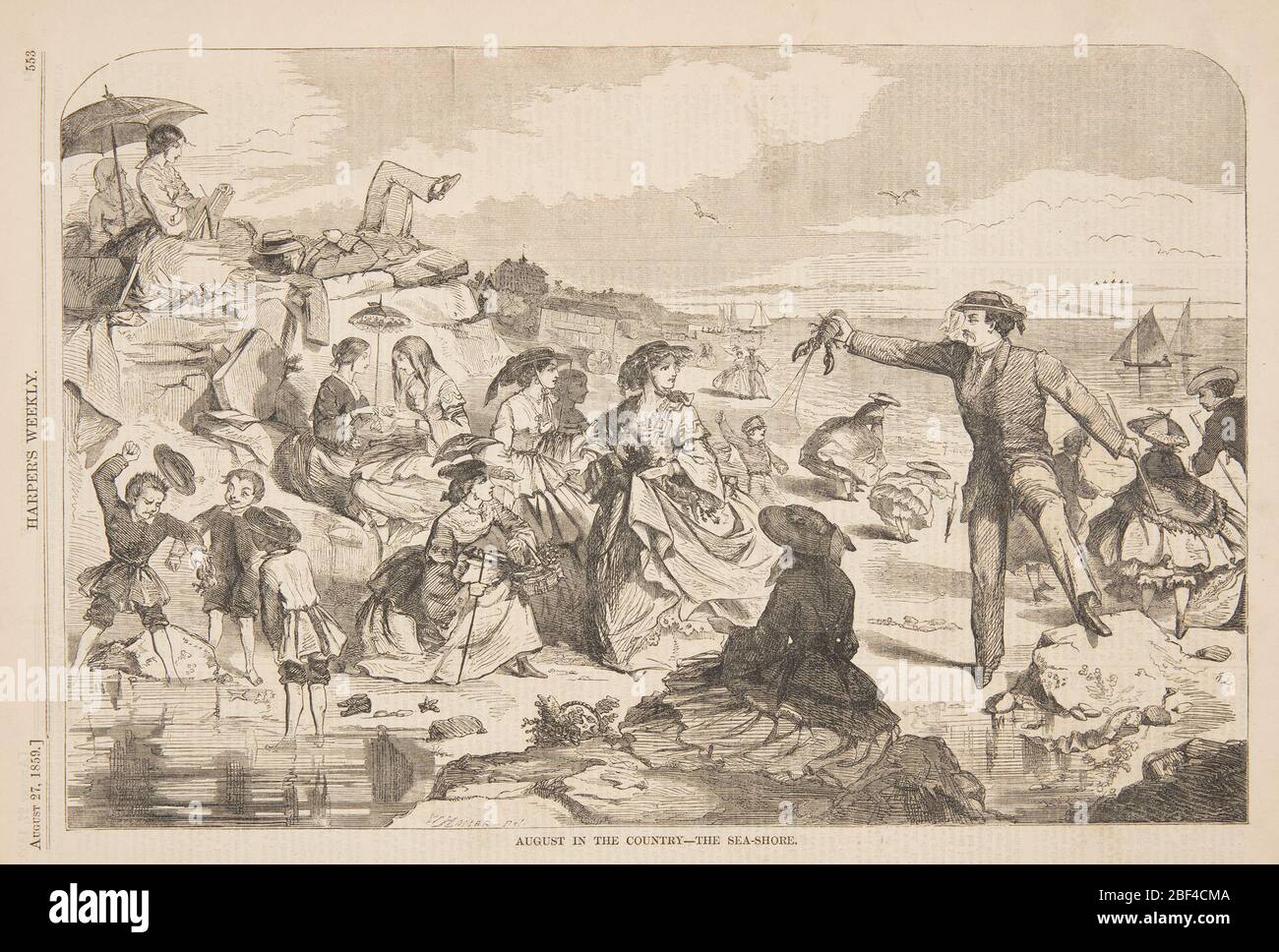 August auf dem Land die Küste. Figuren an einem überfüllten Strand. Ein Mann hält einen lebenden Hummer. Stockfoto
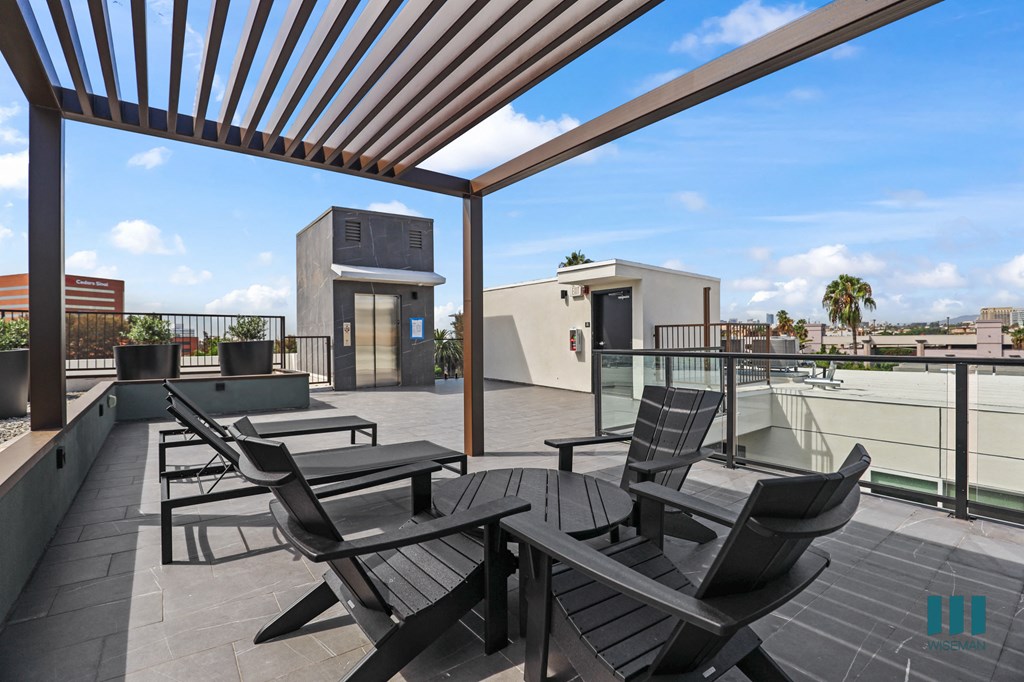 Rooftop Terrace with Pergola and Seating Area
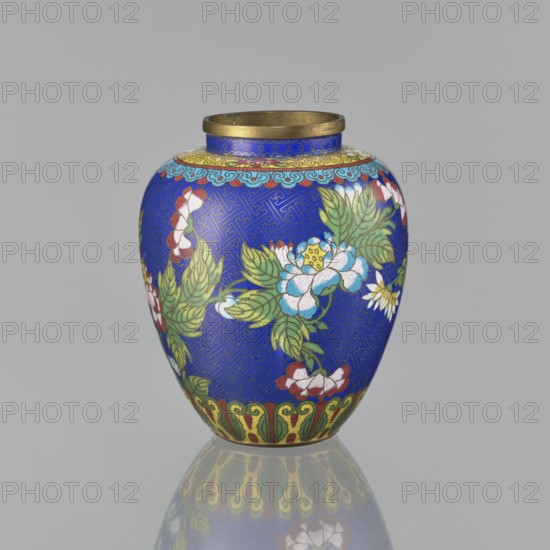 Vase, cloisonné enamel, Chinese, oval-shaped with short neck and ring-shaped spout, without a foot; decorated on the central belly with colorful peony flowers on a sapphire background and a Chinese meander motif; Qing dynasty 1644–1911, 19th century; height 16.5 cm, diameter 13.8 cm;, provenance unknown., A rounded decorative vase with a bright blue background featuring floral designs in green, white, red, yellow, and pale blue, a narrow neck with a metallic rim in a brass color, a patterned band near the top in yellow and turquoise, leafy green foliage surrounding several white and pale blue flowers with yellow centers, additional red and white blossoms, and a decorative green and yellow border near the base; the vase sits on a reflective gray surface that mirrors its colors.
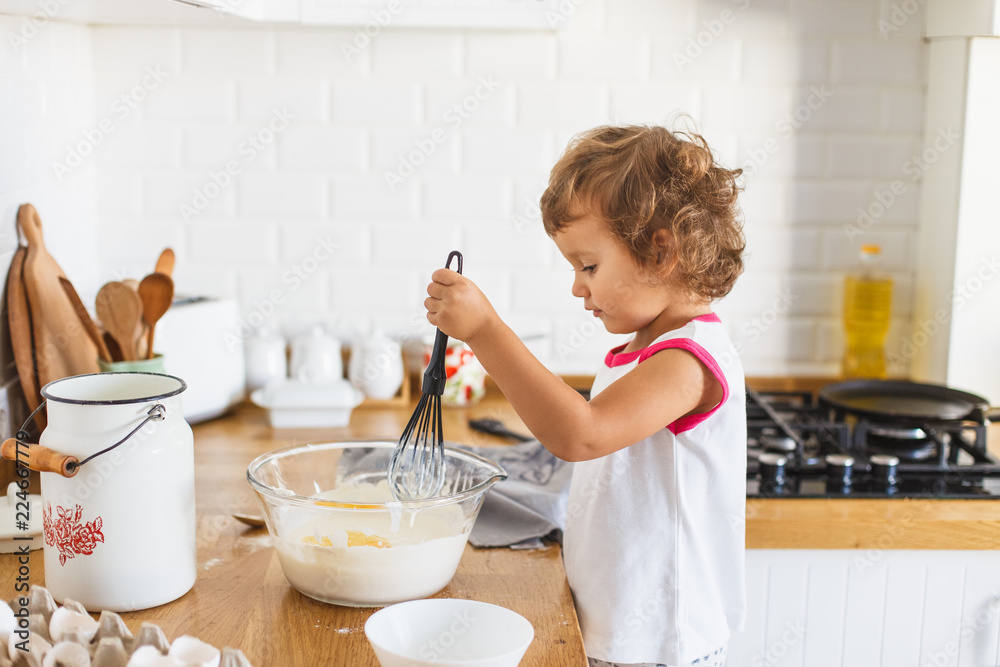 3 years cute girl preparing dough for pancakes at the kitchen.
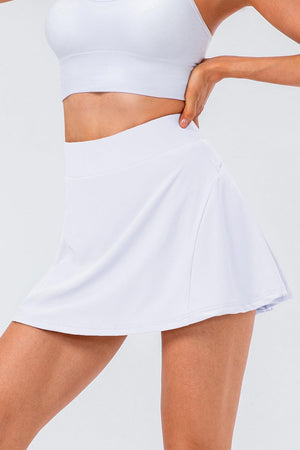 a woman in a white sports bra top and a white skirt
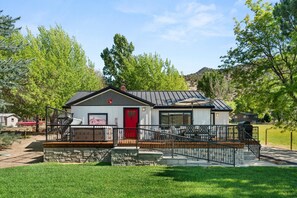 A single-story house with a red door, a covered porch, and a stone foundation. - 1900's Farmhouse (New Castle)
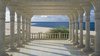 Fotobehang - Vlies Behang - 3D Uitzicht op het Strand en Zee vanaf het Terras met Pilaren - 208 x 146 cm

WORK ITEM :: The answer must be an exact copy of every record above, minus the pictures.

OUTPUT FOR THIS EXERCISE ::
 August auf dem Land die Küste. Figuren an einem überfüllten Strand. Ein Mann hält einen lebenden Hummer. Stockfoto
 Rooftop Terrace with Pergola and Seating Area
 Vase, cloisonné enamel, Chinese, oval-shaped with short neck and ring-shaped spout, without a foot; decorated on the central belly with colorful peony flowers on a sapphire background and a Chinese meander motif; Qing dynasty 1644–1911, 19th century; height 16.5 cm, diameter 13.8 cm;, provenance unknown., A rounded decorative vase with a bright blue background featuring floral designs in green, white, red, yellow, and pale blue, a narrow neck with a metallic rim in a brass color, a patterned band near the top in yellow and turquoise, leafy green foliage surrounding several white and pale blue flowers with yellow centers, additional red and white blossoms, and a decorative green and yellow border near the base; the vase sits on a reflective gray surface that mirrors its colors.
 3 years cute girl preparing dough for pancakes at the kitchen.
 a woman in a white sports bra top and a white skirt
 A single-story house with a red door, a covered porch, and a stone foundation. - 1900's Farmhouse (New Castle)
 Fotobehang - Vlies Behang - 3D Uitzicht op het Strand en Zee vanaf het Terras met Pilaren - 208 x 146 cm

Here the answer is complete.